(Beginning of Information shown)

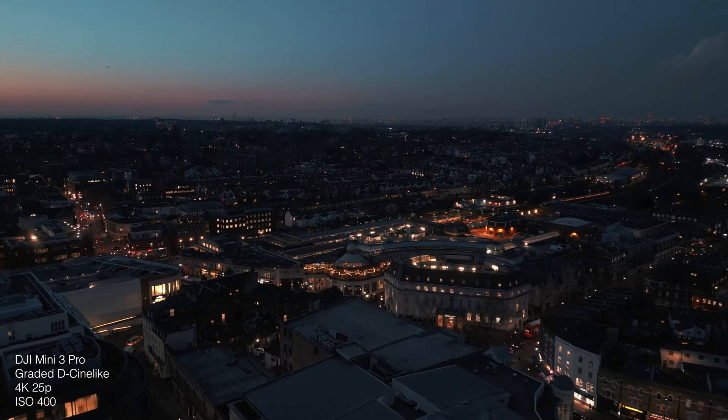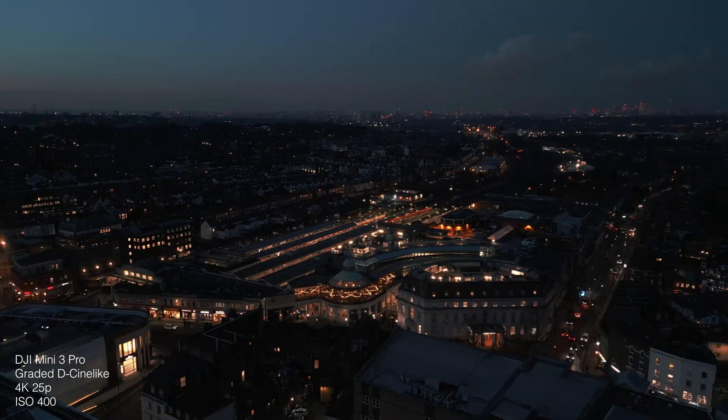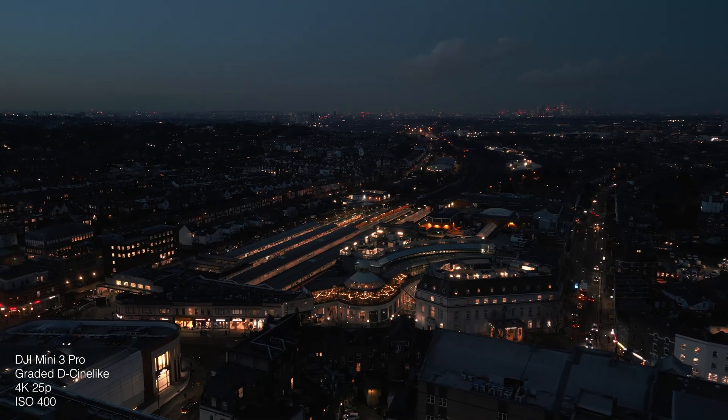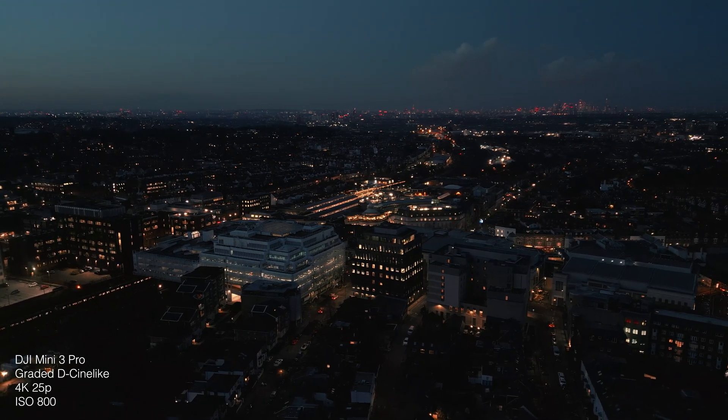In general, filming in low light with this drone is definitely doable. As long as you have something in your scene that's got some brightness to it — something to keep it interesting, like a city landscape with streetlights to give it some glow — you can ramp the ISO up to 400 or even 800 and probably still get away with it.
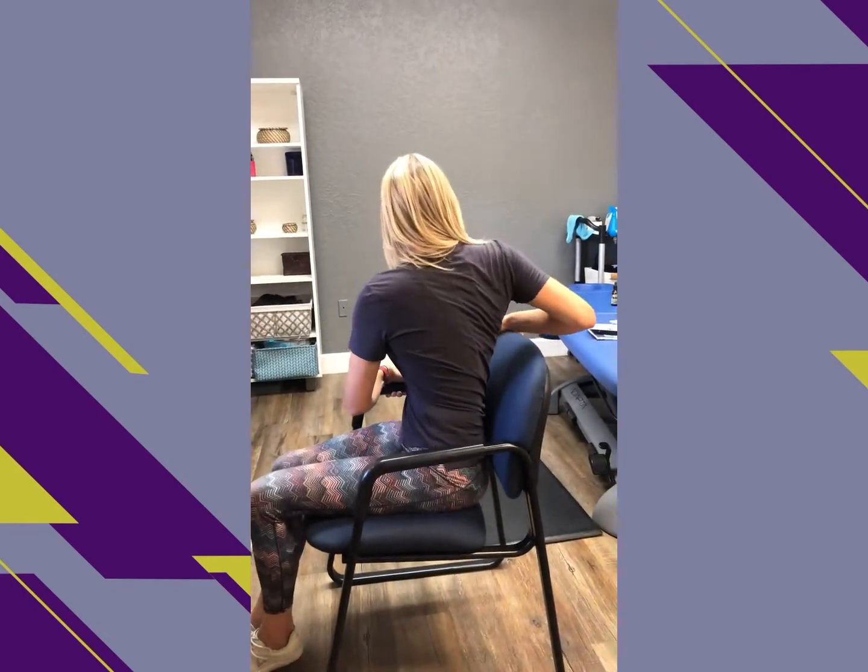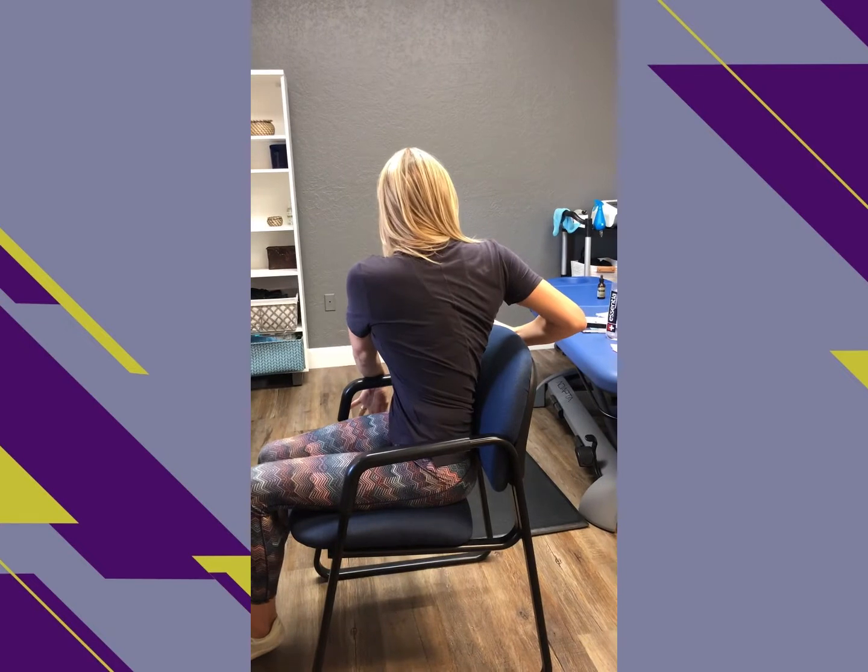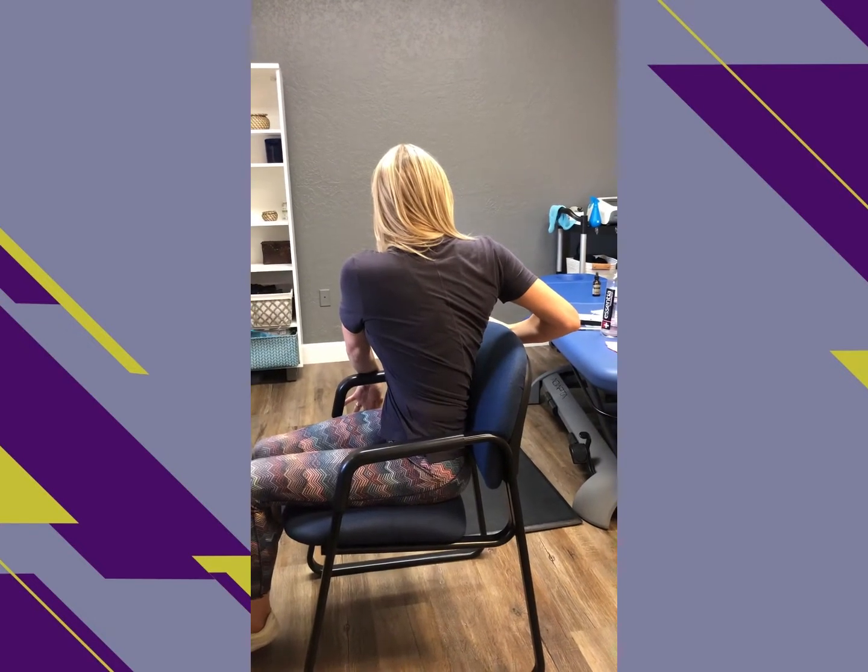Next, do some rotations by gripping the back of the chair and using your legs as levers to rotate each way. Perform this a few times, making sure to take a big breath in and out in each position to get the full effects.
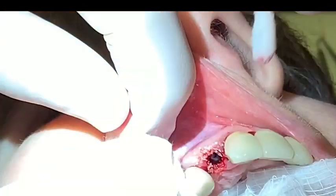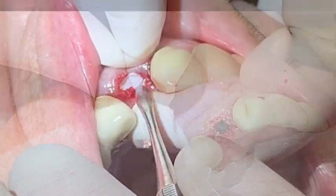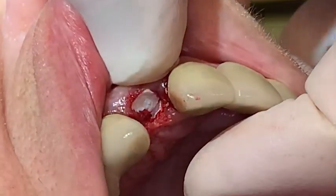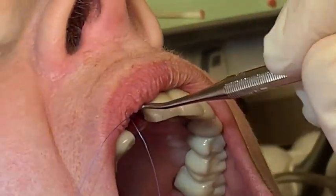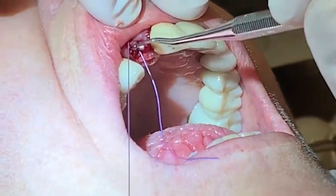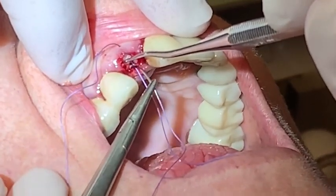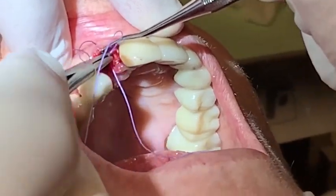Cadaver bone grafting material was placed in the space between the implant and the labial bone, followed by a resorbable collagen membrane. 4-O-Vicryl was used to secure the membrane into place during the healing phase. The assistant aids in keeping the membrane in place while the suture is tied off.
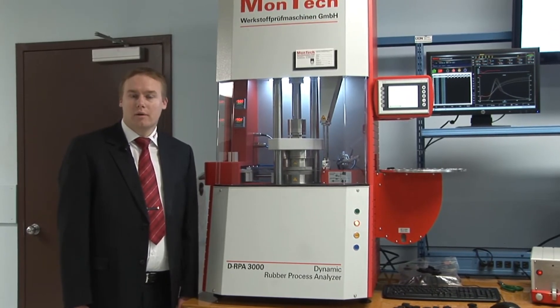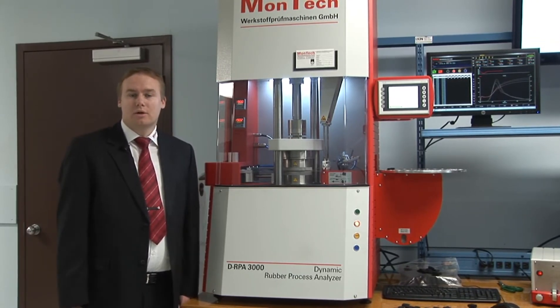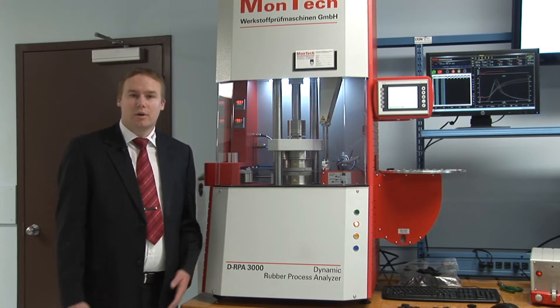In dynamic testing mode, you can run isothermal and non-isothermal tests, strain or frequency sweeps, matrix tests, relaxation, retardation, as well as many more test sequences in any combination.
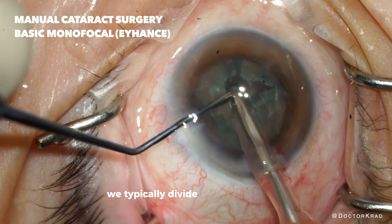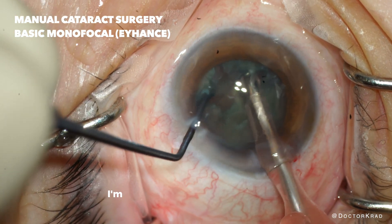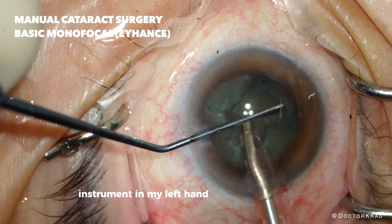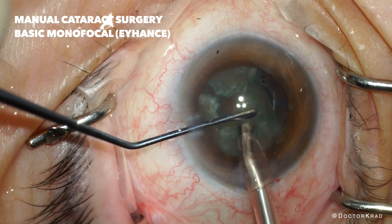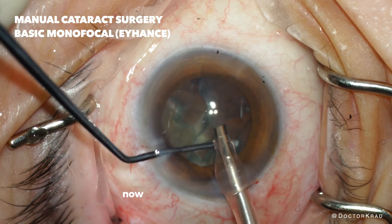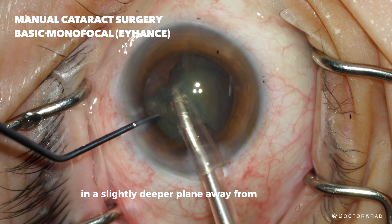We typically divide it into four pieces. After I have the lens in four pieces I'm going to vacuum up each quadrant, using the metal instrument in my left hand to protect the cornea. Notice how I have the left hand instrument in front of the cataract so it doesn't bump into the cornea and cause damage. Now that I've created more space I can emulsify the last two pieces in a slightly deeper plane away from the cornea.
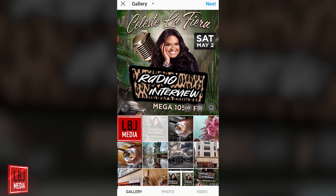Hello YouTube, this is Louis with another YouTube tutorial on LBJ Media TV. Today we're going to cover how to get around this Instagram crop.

(End of Information shown)

The task: Reproduce exactly, without any picture, the lines from the one bearing "Cadaver bone grafting" to the last line of the records above.

Exercise output:
Cadaver bone grafting material was placed in the space between the implant and the labial bone, followed by a resorbable collagen membrane. 4-O-Vicryl was used to secure the membrane into place during the healing phase. The assistant aids in keeping the membrane in place while the suture is tied off.
In dynamic testing mode, you can run isothermal and non-isothermal tests, strain or frequency sweeps, matrix tests, relaxation, retardation, as well as many more test sequences in any combination.
We typically divide it into four pieces. After I have the lens in four pieces I'm going to vacuum up each quadrant, using the metal instrument in my left hand to protect the cornea. Notice how I have the left hand instrument in front of the cataract so it doesn't bump into the cornea and cause damage. Now that I've created more space I can emulsify the last two pieces in a slightly deeper plane away from the cornea.
Hello YouTube, this is Louis with another YouTube tutorial on LBJ Media TV. Today we're going to cover how to get around this Instagram crop.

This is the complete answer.